Aggiungo anche che mentre una volta il luogo geografico determinava la disponibilità di risorse e tecnologia, oggi questo non è più vero e la competenza, in molti campi, è il risultato degli studi di elementi chiave di un’azienda. Una delle ditte di software più importanti al mondo è nata nell’est dell’europa, certo non la culla dell’informatica.
Oggi come oggi sono i singoli a valere più della massa perché è l’idea rivoluzionaria che vince sul “duro lavoro”. Quest’ultimo si può trovare bene o male ovunque, si puó subappaltare, si può delocalizzare.
Ma poi quanto Made in Italy è un prodotto fatto con materiali grezzi presi all’estero e con macchinari costruiti dall’altra parte del mondo?
E quanto è “Designed in California” un iPhone che è il prodotto della mente di scienziati di almeno 100 paesi diversi che vivono a Cupertino solo perché la ditta paga bene?
Concordo con Norman, il made in Italy ormai ha senso solo per quei beni che fanno parte della tradizione, che sono fatti con materiali locali e da mani italiane. Tutto il resto sono operazioni di marketing.

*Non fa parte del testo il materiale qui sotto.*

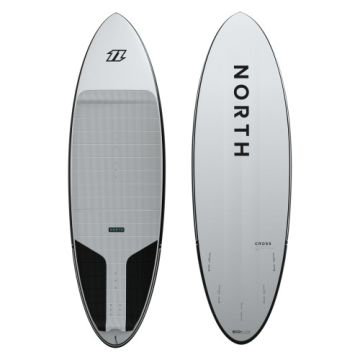 North Kiteboard Cross 100-White 2023 Directional 1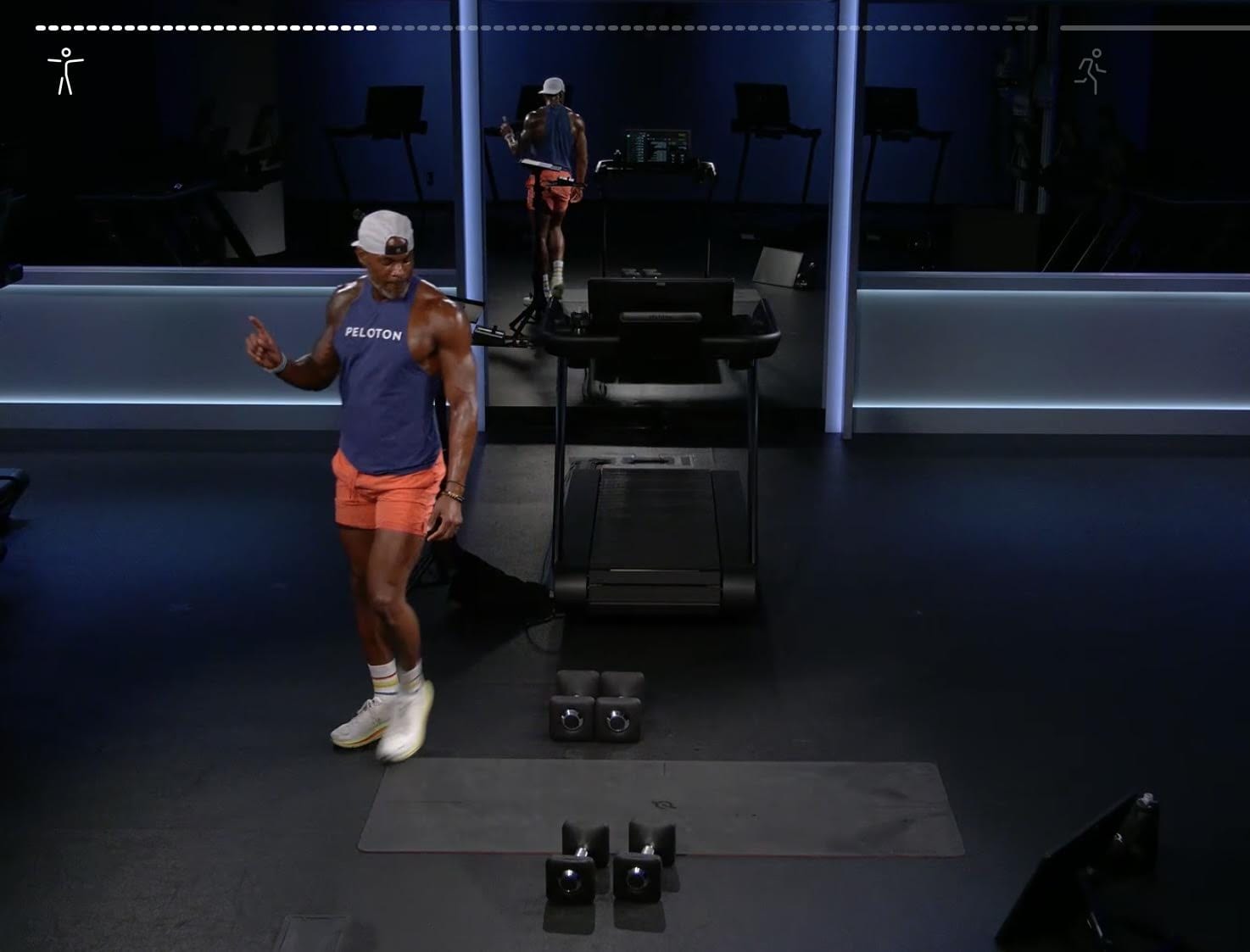 Peloton Debuts New U.S. Tread Studio Look with new Platform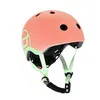 Image de Scoot and Ride - Casque XS - Pêche - de 45 à 51 cm en périmètre cranien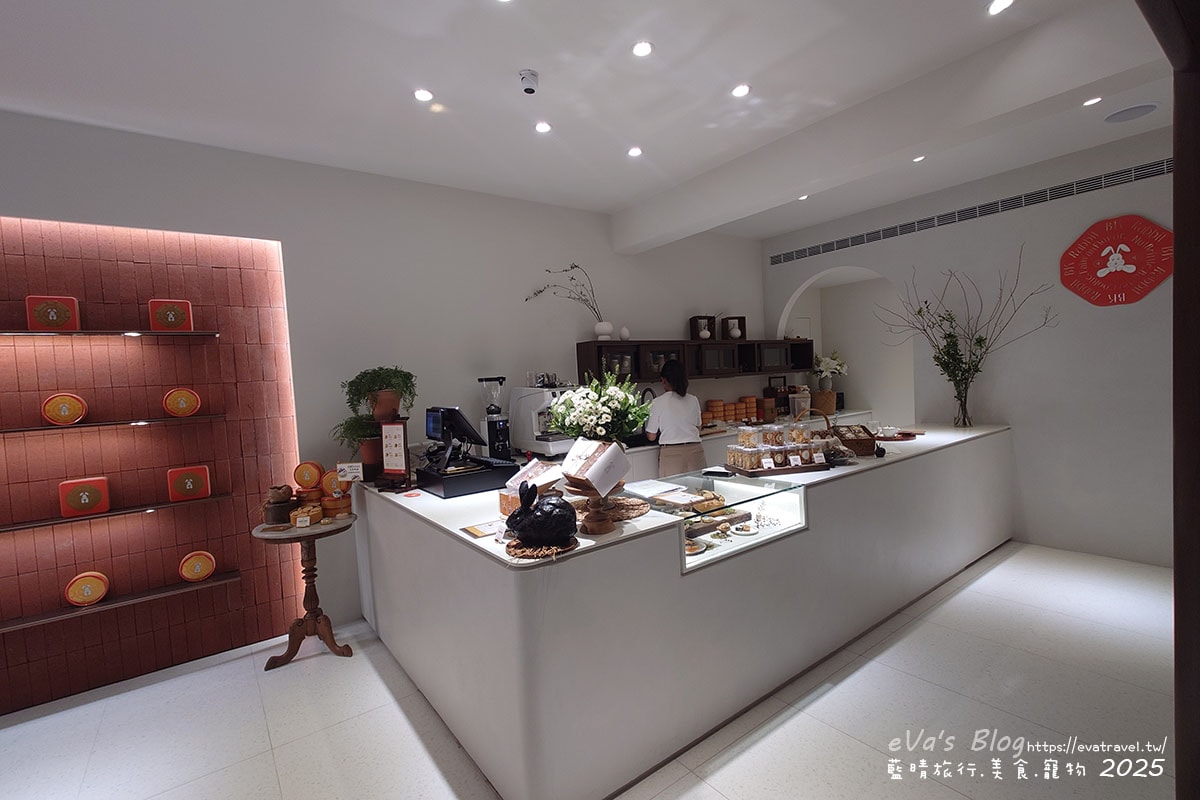 【台中下午茶】BK.Rabbit 黑色小白兔,台中也有民生社區,精誠22街的人文風景與味蕾驚喜,台中十大伴手禮優質店家,以在地食材製作美味的點心餅乾與蛋糕。台中伴手禮 - 第11張圖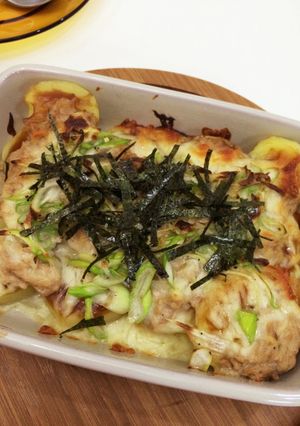 ジャガイモとツナの照りネギグラタン-レシピのメイン写真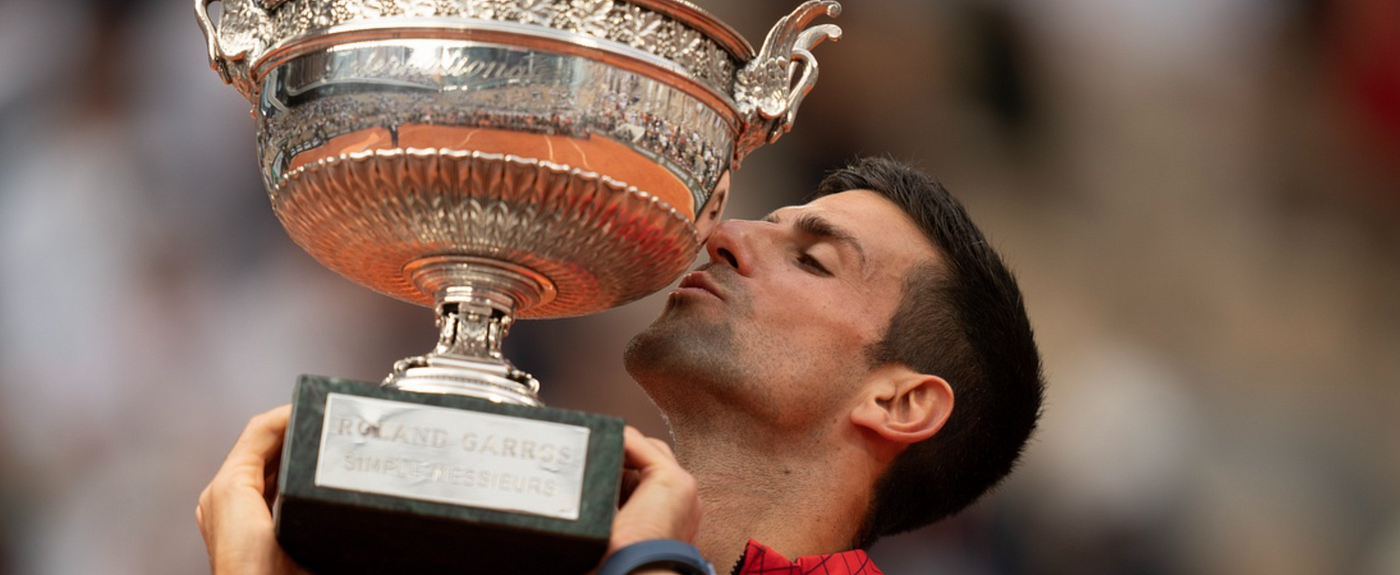 Novak Djokovic made history by capturing his 23rd Grand Slam title at the  2023 French Open Final, by Michael Reynoso, Divine Sports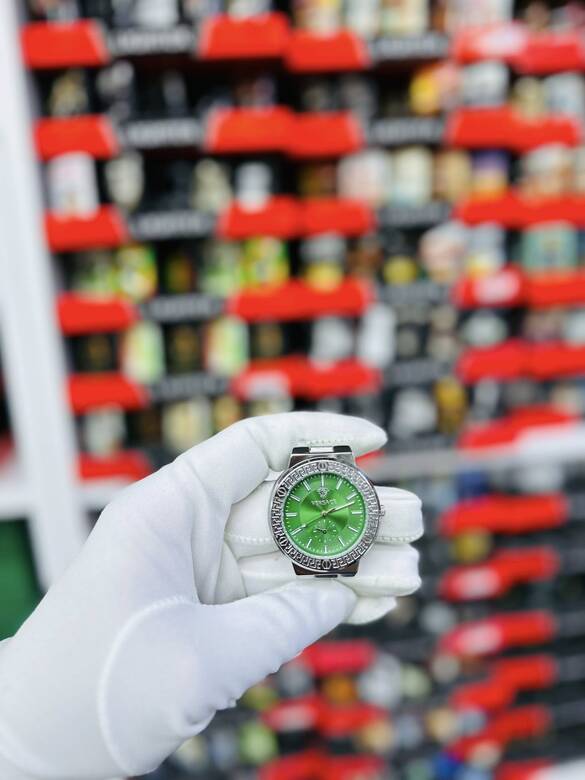 Toptan VERSACE Model Erkek Çelik Saat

Io stesso faccio quasi tutto in casa ma i torni sono austriaci, cinesi, tedeschi e americani. I software sono americani, italiani e cinesi, i materiali sono tedeschi ed italiani, alcuni pezzi delle trombe sono tedeschi e sono costruiti con macchinari giapponesi...
Boh, non dovrebbe essere il valore intrinseco del prodotto il motivo per cui lo si compra?
Su FB al momento c’è una discussione sul Made in USA contro il Made in Giro, mi fanno una rabbia sia i produttori che i clienti che mentono/abboccano spudoratamente quando praticamente tutti sanno che il 90% di quello che si compra ora, anche da sedicenti artigiani di alto livello, non sono altro che Carol Brass rimarchiate. E quando va bene sono getzen declinate in mille modi diversi.
Gira gira Monette è tornato ad essere uno dei pochi veri produttori seri che può giustificare il prezzo dei propri strumenti.